Iria Aguete, coordinadora en Galicia de ADICAE,cerró la jornada con las conclusiones obtenidas recordando la importancia del activismo como motor de la consecución del fin social. “La acción colectiva social y jurídica es la herramienta fundamental de defensa del consumidor y el ciudadano”, algo que fue ratificado por los expertos que participaron en la jornada. Los conceptos debatidos en las diferentes mesas versaron en torno a las consecuencias de la reestructuración del sistema bancario; se expuso también la aplicación real del código de buenas prácticas y se comentaron las últimas medidas antidesahucios aprobadas por el gobierno; “haciendo hincapié en la ineficacia de la simple paralización de los lanzamientos y en la importancia de la propuesta de moratoria de ADICAE”, específicamente dirigida a mantener la propiedad del inmueble y reconducir la situación de sobreendeudamiento familiar.

También se resaltó la vulneración del derecho a la Igualdad que supone la tasación cerrada de casos cayendo en una generalidad en perfiles tan concretos; “calificamos como maquillaje la legislación última al respecto”. Así, los expertos y los técnicos de ADICAE insistieron en la necesidad de poner en marcha oficinas de mediación en favor de los afectados por problemas hipotecarios; con asesoramiento gratuito es posible anticiparse al grave problema posterior, lo cual facilitaría además algo tan esencial como la comunicación entre banco y cliente. Los ponentes recordaron también el éxito en otros países de la implantación de un alquiler social real donde las familias paguen mensualmente por habitar pisos desocupados por una cuota simbólica.

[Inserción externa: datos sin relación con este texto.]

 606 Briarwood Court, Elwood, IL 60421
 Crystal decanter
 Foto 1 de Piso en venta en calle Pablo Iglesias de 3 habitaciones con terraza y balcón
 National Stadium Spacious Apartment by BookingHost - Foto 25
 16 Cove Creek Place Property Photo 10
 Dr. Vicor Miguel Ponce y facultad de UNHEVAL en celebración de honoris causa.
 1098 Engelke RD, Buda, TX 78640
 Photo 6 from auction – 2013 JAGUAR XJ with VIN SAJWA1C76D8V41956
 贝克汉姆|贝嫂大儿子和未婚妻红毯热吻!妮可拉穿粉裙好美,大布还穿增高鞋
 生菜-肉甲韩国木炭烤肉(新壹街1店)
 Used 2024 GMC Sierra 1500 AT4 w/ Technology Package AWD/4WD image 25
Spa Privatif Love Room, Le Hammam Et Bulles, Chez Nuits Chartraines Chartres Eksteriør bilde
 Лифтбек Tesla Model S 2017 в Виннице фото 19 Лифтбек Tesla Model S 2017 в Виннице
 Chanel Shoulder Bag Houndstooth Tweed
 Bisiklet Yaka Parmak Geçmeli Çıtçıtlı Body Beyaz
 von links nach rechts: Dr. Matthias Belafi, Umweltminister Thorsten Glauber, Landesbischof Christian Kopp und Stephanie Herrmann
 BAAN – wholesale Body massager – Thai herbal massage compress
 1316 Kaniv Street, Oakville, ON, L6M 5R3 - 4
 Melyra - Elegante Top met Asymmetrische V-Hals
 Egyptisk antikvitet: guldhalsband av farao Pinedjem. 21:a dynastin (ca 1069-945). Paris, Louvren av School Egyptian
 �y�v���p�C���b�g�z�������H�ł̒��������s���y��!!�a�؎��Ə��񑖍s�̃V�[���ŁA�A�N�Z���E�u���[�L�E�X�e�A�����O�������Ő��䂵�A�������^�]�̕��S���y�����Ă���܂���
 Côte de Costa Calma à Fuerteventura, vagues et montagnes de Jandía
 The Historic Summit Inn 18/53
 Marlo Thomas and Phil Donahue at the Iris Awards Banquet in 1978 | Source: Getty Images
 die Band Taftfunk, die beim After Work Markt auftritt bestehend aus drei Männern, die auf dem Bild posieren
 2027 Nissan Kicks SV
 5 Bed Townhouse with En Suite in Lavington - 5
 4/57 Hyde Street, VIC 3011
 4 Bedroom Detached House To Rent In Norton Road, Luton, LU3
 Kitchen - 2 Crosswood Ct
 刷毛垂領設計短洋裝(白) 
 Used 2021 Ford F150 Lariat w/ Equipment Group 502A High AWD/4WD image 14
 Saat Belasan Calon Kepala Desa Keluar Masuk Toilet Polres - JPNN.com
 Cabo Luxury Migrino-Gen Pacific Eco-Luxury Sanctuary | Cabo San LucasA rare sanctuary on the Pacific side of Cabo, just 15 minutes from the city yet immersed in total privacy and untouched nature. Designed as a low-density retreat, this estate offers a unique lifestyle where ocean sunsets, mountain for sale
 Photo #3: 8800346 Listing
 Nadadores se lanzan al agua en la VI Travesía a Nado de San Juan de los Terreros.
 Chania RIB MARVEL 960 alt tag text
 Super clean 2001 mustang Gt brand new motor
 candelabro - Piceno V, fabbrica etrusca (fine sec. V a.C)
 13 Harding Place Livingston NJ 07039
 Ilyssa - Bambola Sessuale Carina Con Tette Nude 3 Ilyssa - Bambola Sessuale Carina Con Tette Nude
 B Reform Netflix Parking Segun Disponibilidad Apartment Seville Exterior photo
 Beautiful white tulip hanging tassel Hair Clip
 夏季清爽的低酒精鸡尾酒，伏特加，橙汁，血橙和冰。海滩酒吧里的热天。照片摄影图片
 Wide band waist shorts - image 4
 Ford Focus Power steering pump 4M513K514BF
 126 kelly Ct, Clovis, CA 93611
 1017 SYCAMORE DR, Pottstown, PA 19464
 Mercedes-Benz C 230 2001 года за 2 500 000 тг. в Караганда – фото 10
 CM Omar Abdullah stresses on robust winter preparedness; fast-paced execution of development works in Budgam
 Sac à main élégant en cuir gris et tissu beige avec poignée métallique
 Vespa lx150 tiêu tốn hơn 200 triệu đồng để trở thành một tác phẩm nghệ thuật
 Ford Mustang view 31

La estafa de las preferentes

En cuanto al tema de preferentes y subordinadas algunos ponentes recordaron la “gran estafa de imponer a un ahorrador el trato de inversor y la completa desinformación del ciudadano sobre las medidas a tomar para su recuperación financiera”. También se comentó el aleatorio sistema de selección que ha seguido la vía del arbitraje y el pequeño porcentaje de afectados a quienes se ha dado solución, “haciendo hincapié en la desigualdad que se desprende de un criterio tan poco transparente que permite discriminar a ciertos afectados en favor de otros en idénticas circunstancias”, explica Iria Aguete.

Los asistentes reclamaron a los representantes políticos participantes, de BNG Henrique Viéitez, y del PSOE Carlos López Font, una reforma educativa que fijase los cimientos de una buena defensa financiera del ciudadano elevando su nivel de conocimiento de todo tipo de productos de riesgo. Asimismo, mostraron además su desconcierto ante el enorme intervencionismo del Estado en ciertos ámbitos y la falta del mismo en los realmente necesarios y, en general, se expresó entre los cerca de 50 participantes su sensación de indefensión como consumidores y la necesidad de apoyo de sus dirigentes.